§ Information shown:
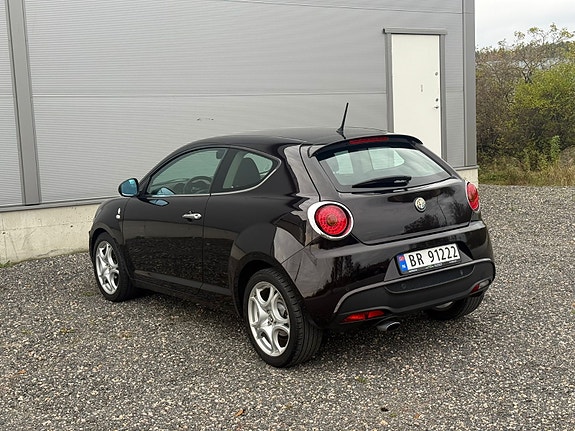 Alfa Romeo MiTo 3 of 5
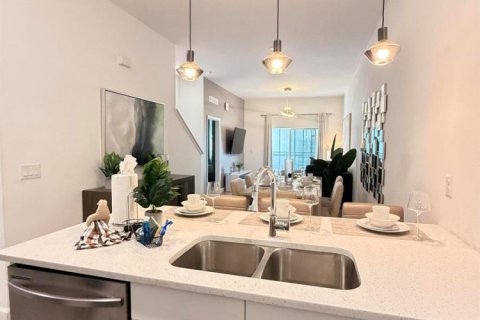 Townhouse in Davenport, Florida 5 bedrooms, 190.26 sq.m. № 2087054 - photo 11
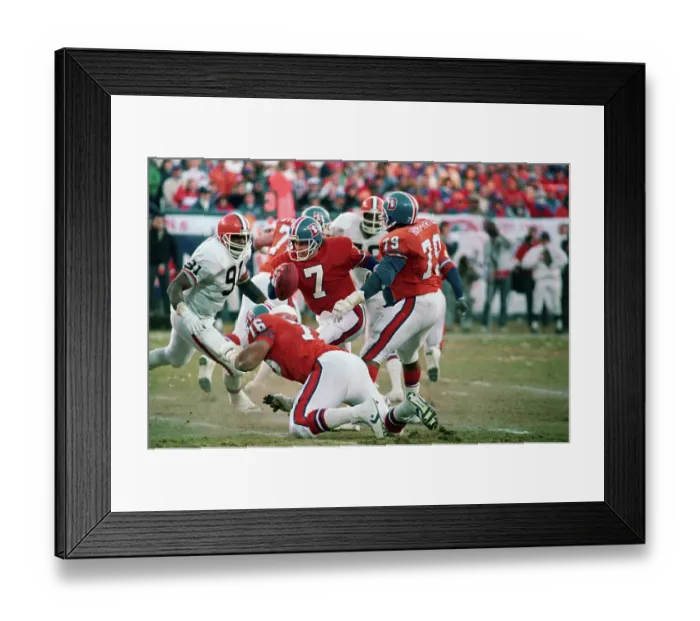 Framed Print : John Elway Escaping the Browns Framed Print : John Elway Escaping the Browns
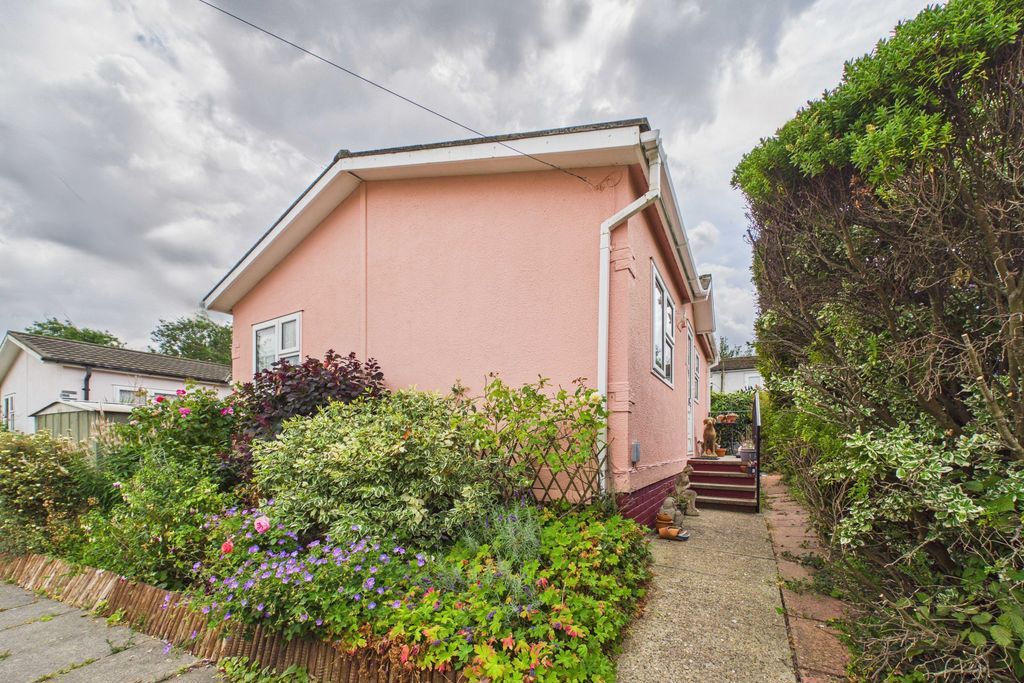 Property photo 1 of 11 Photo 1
--
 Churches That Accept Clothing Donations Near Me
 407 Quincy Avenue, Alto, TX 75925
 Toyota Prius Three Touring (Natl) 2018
* * *
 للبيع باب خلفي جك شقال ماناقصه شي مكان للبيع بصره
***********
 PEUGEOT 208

§ What you will do:
Out of the material above, output word for word the line with "Churches That Accept", the line with "Toyota Prius Three Touring (Natl) 2018", and all lines between them, with nothing else.

§ Solved problem:
 Churches That Accept Clothing Donations Near Me
 407 Quincy Avenue, Alto, TX 75925
 Toyota Prius Three Touring (Natl) 2018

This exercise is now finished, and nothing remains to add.